American philanthropist

Katherine E. Price was an American philanthropist and patroness of various Catholic institutions. In 1936, Pope Pius XI granted her the rank of papal countess.

== Biography ==
Price was the wife of Lucian B. Price. After her husband's death, she became an active philanthropist, funding the construction of Catholic churches, schools, and other institutions in the United States. She was a distant cousin of Bishop Eugene J. McGuinness. A patroness of the Roman Catholic Diocese of Amarillo, Price donated funds to St. George's College to prevent the school from closing.

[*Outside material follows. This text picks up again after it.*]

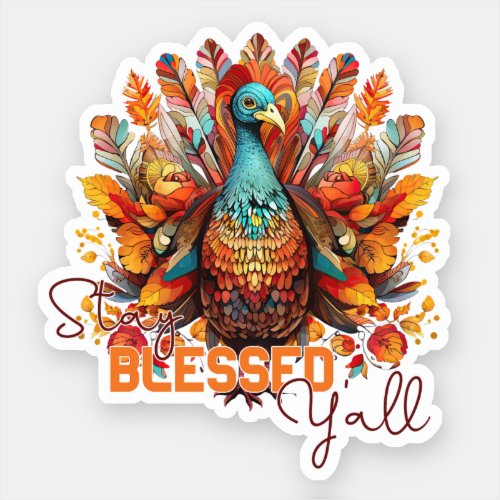Stay Blessed Yall with Colorful Turkey  Sticker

It was renamed the Price Memorial College in honor of her late husband. Price traveled from her home in Greenwich, Connecticut, to Texas for the dedication ceremony. Price was also responsible for funding the construction of St. Elizabeth's Catholic Church in Lubbock, Texas, St. Catherine of Siena Catholic Church in Pauls Valley, Oklahoma, and St. Catherine of Siena Catholic Church in Wake Forest, North Carolina. The latter two churches were named after Price's patron saint, Catherine of Siena.

In April 1936, Price was elevated into the Nobility of the Holy See and made a papal countess by Pope Pius XI.